Through the approval of the refurbishment plan, Volkswagen will be able to fix all of the 460,000 vehicles it sold with the 1.2-liter TDI engine fitted with a “defeat device.” The German brand and its subsidiaries that have been lent the engine have already begun to contact the respective owners of the vehicles.

The repair consists of a software update, which would bring the EA189 1.2-liter TDI engines back to specification. Volkswagen has sent letters to the last known addresses of the owners of the affected vehicles.

Owners are asked to contact the nearest dealers of the brand that sold them a car with a 1.2-liter TDI engine of the EA189 series to schedule a repair as soon as it is available.

The KBA, Germany’s Federal Motor Transport Authority, has confirmed that the modifications proposed by Volkswagen do not affect fuel economy, fuel consumption, performance, or noise emissions for the vehicles that have the 1.2-liter TDI engine affected by Volkswagen’s Dieselgate scandal.

The organization has made the same affirmations regarding all the other Volkswagen Group-designed engines that were affected by Dieselgate and had received approved repair proposals.

Evidently, the NOx emissions of these will drop to the values specified by the automaker upon homologation. Users of the affected vehicles can drive them without any restrictions on public roads until they get repaired.

Volkswagen, Seat, Skoda, and their partners that have employed this engine will gradually contact all of the customers of the affected cars so that they can repair the emission control devices on these units.

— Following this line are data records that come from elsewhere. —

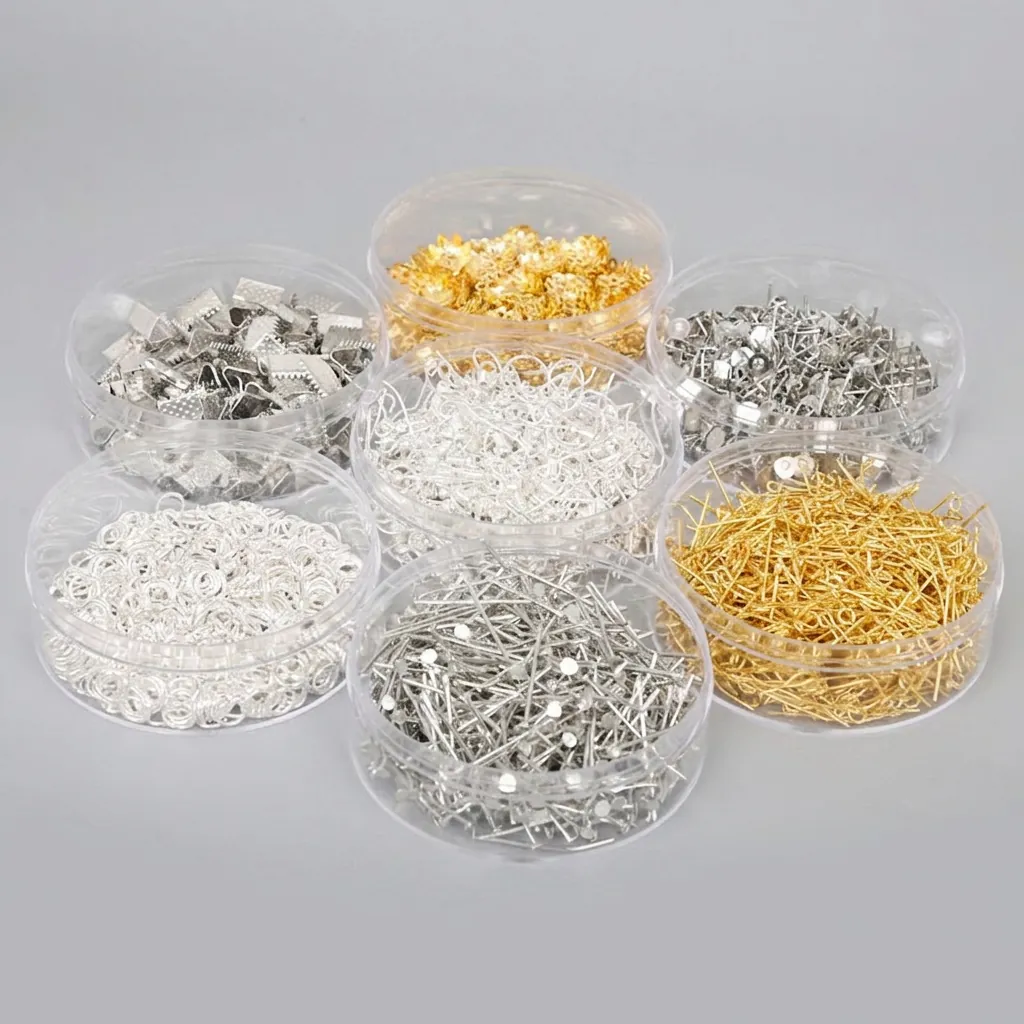 Jewelry Making Findings Ear Hooks Earring Posts Open Jump Rings Head Eye Pins Bead Caps Ribbon Crimps DIY Crafting Components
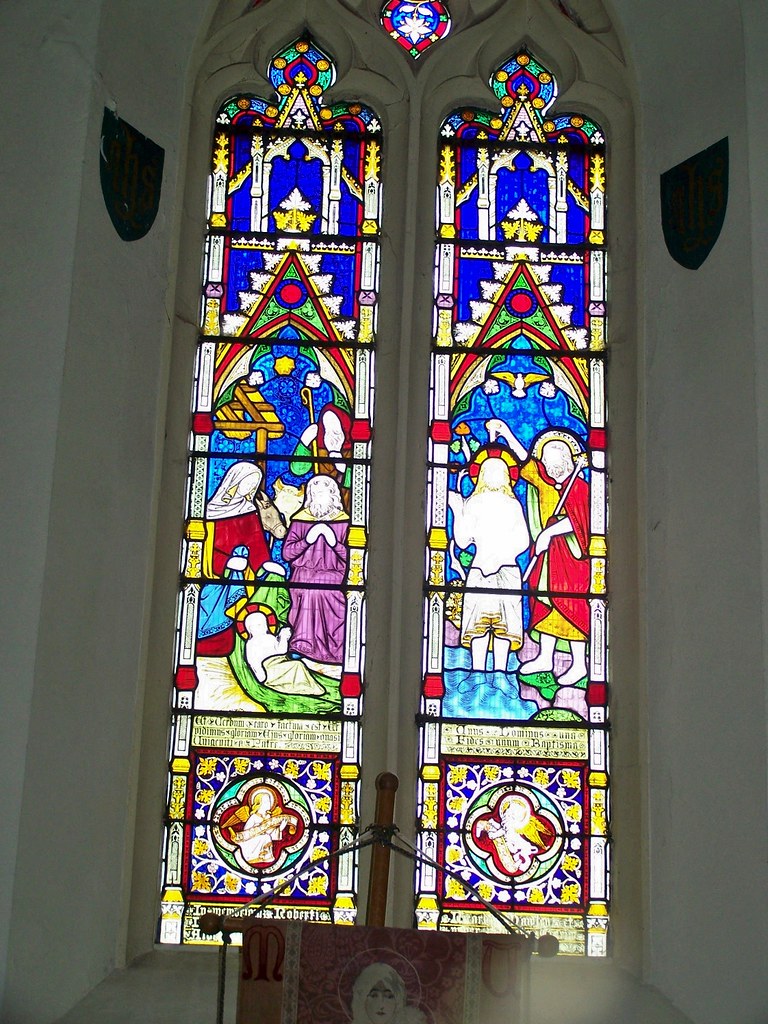 Lincolnshire, Welton by Lincoln Nativity & Baptism window … Flickr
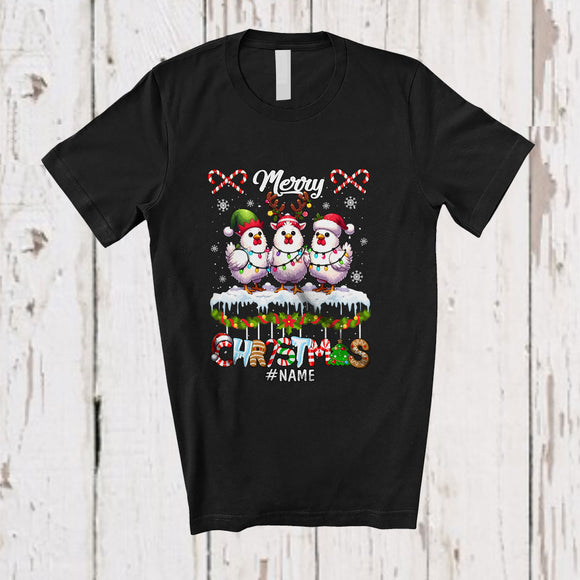 MacnyStore - Personalized Custom Name Merry Christmas; Colorful Three X-mas Santa Elf Chicken; Farmer T-Shirt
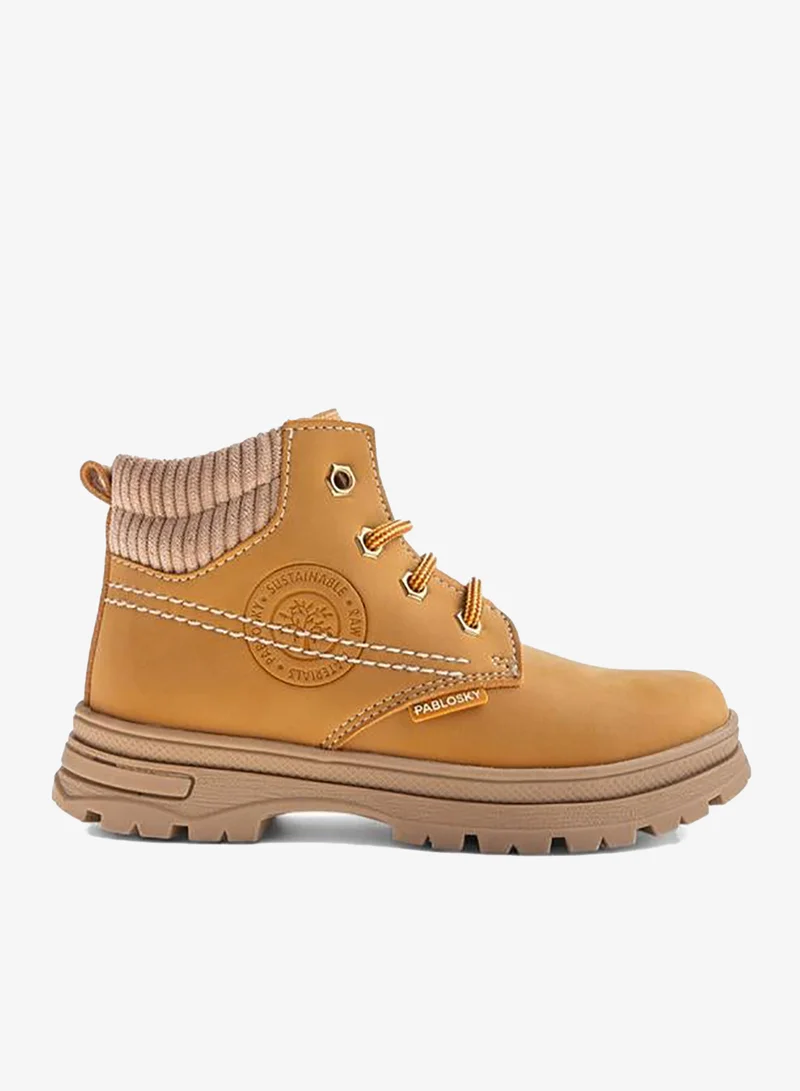 Pablosky Boys Ribbed Hook and Loop Ankle Length Boots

Volkswagen’s Dieselgate is far from over, even with the latest fix approval, which is meant to repair the smallest engine capacity that has been affected by the cheating scandal operated by the German corporation.

To end this once and for all, Volkswagen will have to fix all of the affected cars, determine the persons responsible for the entire scheme, and pay whatever fines it will receive in the states where it sold cars with “defeat devices.”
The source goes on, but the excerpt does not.